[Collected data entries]
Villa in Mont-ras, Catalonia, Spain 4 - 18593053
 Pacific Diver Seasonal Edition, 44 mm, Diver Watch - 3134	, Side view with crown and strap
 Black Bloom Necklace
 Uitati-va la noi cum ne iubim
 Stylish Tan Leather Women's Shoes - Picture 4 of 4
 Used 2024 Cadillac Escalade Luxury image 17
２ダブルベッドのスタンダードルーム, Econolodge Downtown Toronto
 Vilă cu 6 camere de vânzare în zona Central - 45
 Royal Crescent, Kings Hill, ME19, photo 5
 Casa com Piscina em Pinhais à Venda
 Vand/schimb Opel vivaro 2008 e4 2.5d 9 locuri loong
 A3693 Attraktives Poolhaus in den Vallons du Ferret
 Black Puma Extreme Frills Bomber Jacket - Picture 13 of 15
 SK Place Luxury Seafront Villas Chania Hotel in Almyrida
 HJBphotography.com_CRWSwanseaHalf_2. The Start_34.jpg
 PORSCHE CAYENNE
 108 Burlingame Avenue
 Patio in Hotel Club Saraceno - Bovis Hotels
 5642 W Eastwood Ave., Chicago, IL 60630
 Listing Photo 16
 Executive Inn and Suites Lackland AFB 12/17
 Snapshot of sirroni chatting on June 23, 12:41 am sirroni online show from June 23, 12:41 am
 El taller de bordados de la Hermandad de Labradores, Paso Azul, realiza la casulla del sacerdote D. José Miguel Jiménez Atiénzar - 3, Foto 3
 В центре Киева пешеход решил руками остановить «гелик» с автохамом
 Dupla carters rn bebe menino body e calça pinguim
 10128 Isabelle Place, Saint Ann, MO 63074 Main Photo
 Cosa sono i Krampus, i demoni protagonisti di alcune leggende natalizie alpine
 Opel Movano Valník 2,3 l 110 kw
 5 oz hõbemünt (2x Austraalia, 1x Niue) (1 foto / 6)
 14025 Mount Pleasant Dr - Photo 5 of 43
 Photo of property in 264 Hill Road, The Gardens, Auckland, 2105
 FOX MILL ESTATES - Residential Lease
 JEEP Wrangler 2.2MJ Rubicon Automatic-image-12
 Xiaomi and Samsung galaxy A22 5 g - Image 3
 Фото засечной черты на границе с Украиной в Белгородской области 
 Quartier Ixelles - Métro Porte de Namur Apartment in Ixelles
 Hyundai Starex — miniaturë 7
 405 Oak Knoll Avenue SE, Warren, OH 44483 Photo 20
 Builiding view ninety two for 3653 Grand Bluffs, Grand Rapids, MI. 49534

Exercise requirements
Find the string "Avenue" in the data. Report each line it appears in.

Solved problem
 108 Burlingame Avenue
 405 Oak Knoll Avenue SE, Warren, OH 44483 Photo 20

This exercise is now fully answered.